§ **PROBLEM STATEMENT**:
Look through the records below for the line holding "Újabb öt évre". Write it out exactly, with each following line through the line holding "Marchmel | Femme".

§ **DATA TO EXAMINE**:
_____
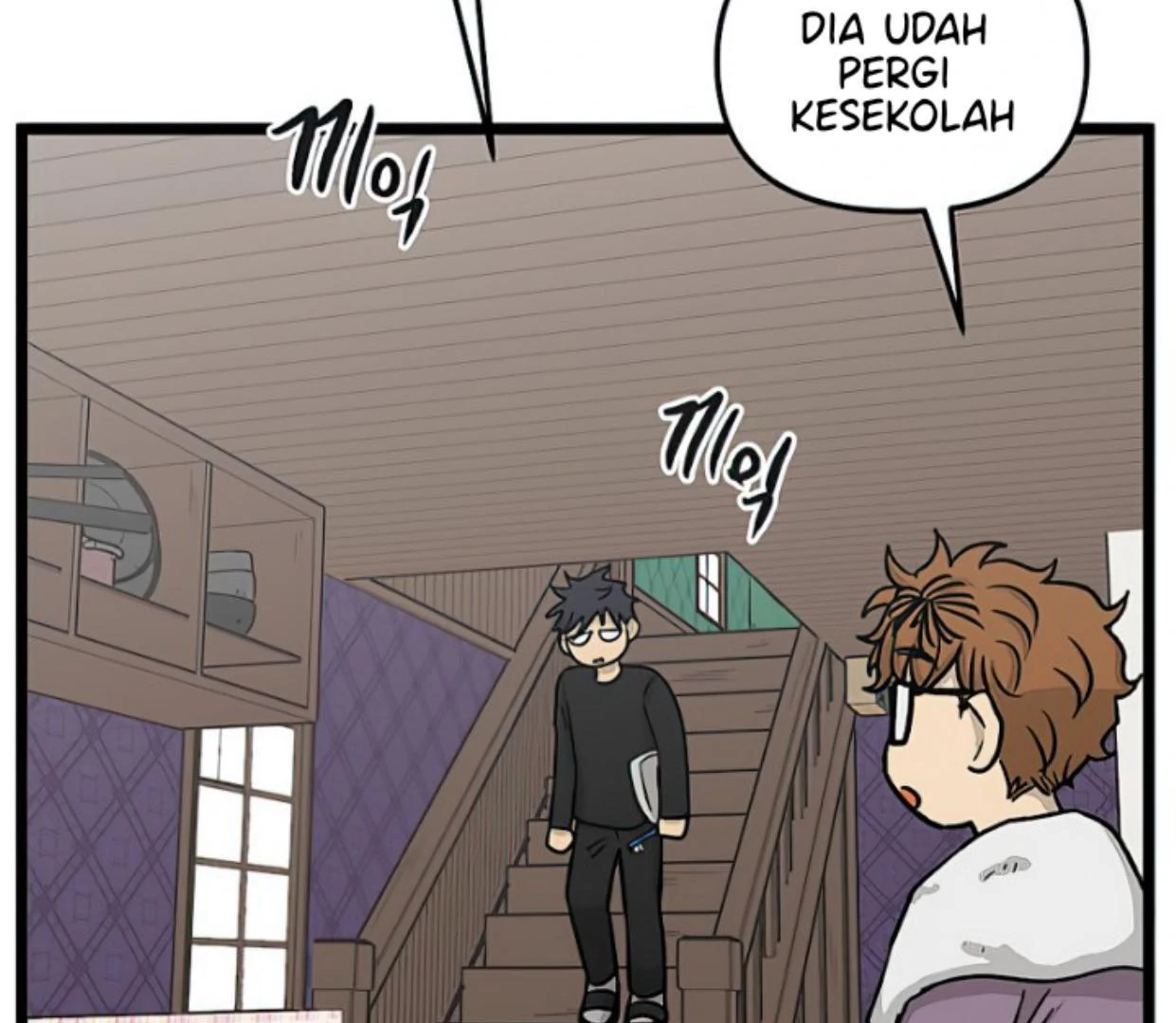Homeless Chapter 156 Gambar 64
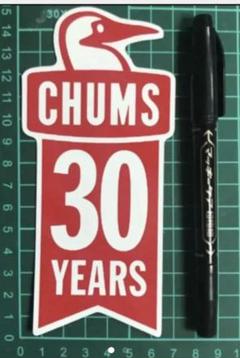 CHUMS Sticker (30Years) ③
_____
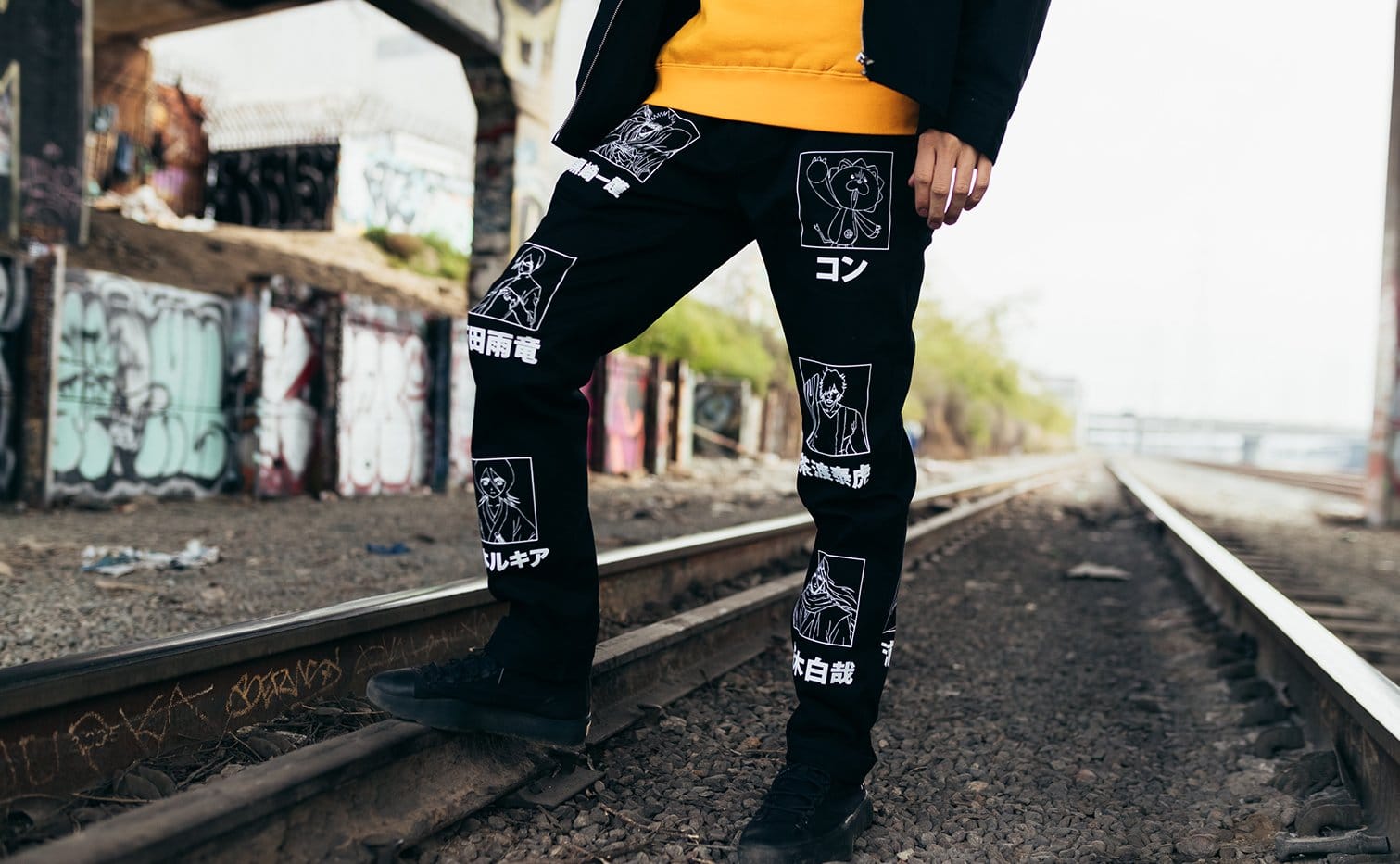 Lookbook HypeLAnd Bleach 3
_____
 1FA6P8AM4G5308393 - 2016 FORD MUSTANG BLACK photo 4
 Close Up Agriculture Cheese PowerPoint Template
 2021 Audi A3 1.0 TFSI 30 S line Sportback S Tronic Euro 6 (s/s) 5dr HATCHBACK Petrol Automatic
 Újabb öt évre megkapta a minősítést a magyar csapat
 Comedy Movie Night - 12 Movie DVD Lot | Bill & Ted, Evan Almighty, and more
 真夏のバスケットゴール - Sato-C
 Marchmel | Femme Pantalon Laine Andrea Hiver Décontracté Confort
_____
§ **YOUR SOLUTION**:
 Újabb öt évre megkapta a minősítést a magyar csapat
 Comedy Movie Night - 12 Movie DVD Lot | Bill & Ted, Evan Almighty, and more
 真夏のバスケットゴール - Sato-C
 Marchmel | Femme Pantalon Laine Andrea Hiver Décontracté Confort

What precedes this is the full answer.